Trotz verhaltener Reaktionen aus dem Channel ist Fakt: All IP kommt bis 2018. »ISDN hat das End of Life erreicht«, sagt Markus Jodl, Kommunikationsleiter des Infrastrukturausbaus der Deutschen Telekom. »Unsere Ziele waren immer ambitioniert, aber dieser Termin bleibt fix.« Davon gehen auch verschiedene Unternehmen aus der ITK-Branche aus. »Mit Blick auf die derzeit sichtbaren Aktivitäten, speziell im Vertriebs- und Marketingbereich, halte ich das Jahr 2018 für eine absolut realistische Einschätzung«, sagt Bernd Büttner, Director Strategic Marketing bei Bintec Elmeg. Und auch Jürgen Städing, CPO bei NFon, sieht keine Problemstellung bei der Erreichung des Termins: »Die Telekom hat ihre Arbeit gemacht. Die Technik und die Bandbreiten sind da.«
Um diesen Plan umzusetzen, greift der Netzbetreiber zu teils vehementen Mitteln. Wie die Verbraucherzentrale Sachsen offenlegte, gingen in den vergangenen Wochen Schreiben an Privatkunden, in denen die Telekom dazu auffordert, sich für einen neuen IP-Tarif oder die Kündigung zu entscheiden. »Intern gab es ein langes Hin und Her, da es letztendlich eine Kündigung bleibt«, so Jodl gegenüber CRN. Die Vorlaufzeit von meist 4,5 Monaten sei jedoch angemessen und der Netzbetreiber biete die entsprechenden Alternativen an. »Die Anfrage nach Business-Lösungen hält sich noch in Grenzen, derzeit überwiegen Anfragen von verunsicherten Privatkunden, da die Telekom und deren Vertriebspartner hier viel Druck aufbauen«, sagt Wimmer. Unternehmenskunden sind laut Jodl nicht von entsprechenden Schreiben betroffen. In diesen Fällen arbeite die Telekom im Gespräch individuelle Lösungen aus.
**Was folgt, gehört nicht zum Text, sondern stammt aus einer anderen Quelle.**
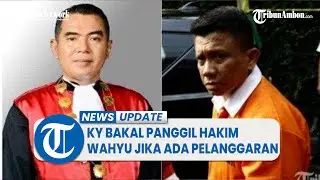 Buntut Video Viral Curhat Kasus Ferdy Sambo, KY Bakal Panggil Hakim Wahyu Jika Ada Pelanggaran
Trotz der moderateren Gangart im Unternehmensumfeld zeigt der Nachdruck des Netzbetreibers bei der Umsetzung, wie brennend das Thema All IP für die komplette Branche ist und quasi jede Minute an Bedeutung gewinnt. »Aktuell dürfte der Anteil von IP bei Amtsanschlüssen und SIP-Trunks bei unseren Kunden noch eher im niedrigen zweistelligen Bereich liegen«, sagt Michael Page, Vertriebsleiter bei Mitel Deutschland. »Doch erwarten wir, dass sich dieses Verhältnis kurz- bis mittelfristig sehr schnell zugunsten der SIP-Trunks deutlich verändern wird.« Ein vergleichbares Bild zeichnet sich in der Distributionslandschaft ab. »Die Nachfrage nach IP-basierten Telekommunikationslösungen ist gestiegen«, erklärt Hans-Jürgen Witfeld, Vertriebsleiter des Distributors Herweck. »Wir erwarten auch in den kommenden Jahren einen weiteren Anstieg und raten jedem Händler, seine Kunden entsprechend zu beraten.« Dieser Ratschlag bleibt in der Branche kein Einzelfall. Trotz der vielen Vorbehalte gegenüber der Zuverlässigkeit der reinen IP-Lösungen im Channel, weisen Branchenexperten auf die Unausweichlichkeit des Umstiegs hin (mehr erfahren Sie im Infokasten auf Seite 22) und die Notwendigkeit, besonders Neukunden schon jetzt mit der zukunftssicheren Technologie auszurüsten. »Für Unternehmen, die heute noch auf klassische Telefonanlagen ohne IP-Zugang oder Aufrüstbarkeit gesetzt haben, bedeutet die Umstellung im Jahr 2018 eine notwendige Investition in eine neue, moderne Telefonanlage«, erklärt Dagmar Geer, Vorstandsvorsitzende des Herstellers Innovaphone. »Möglicherweise wird das noch einmal einen neuen Schub für IP- und UC-Lösungen bedeuten.« Und auch Witfeld rät zur sofortigen Umstellung der TK-Systeme: »Welcher Kunde, sowohl Privat- als auch Geschäftskunde, möchte sich in spätestens drei bis vier Jahren um eine neue Telekommunikationslösung oder gar neue, unter Umständen kostenintensive Hardware kümmern?« Bestandkunden könnten hingegen, solange sich keine Hardwareengpässe einstellen, warten, bis bei ihnen das Netz auf IP umgestellt wird.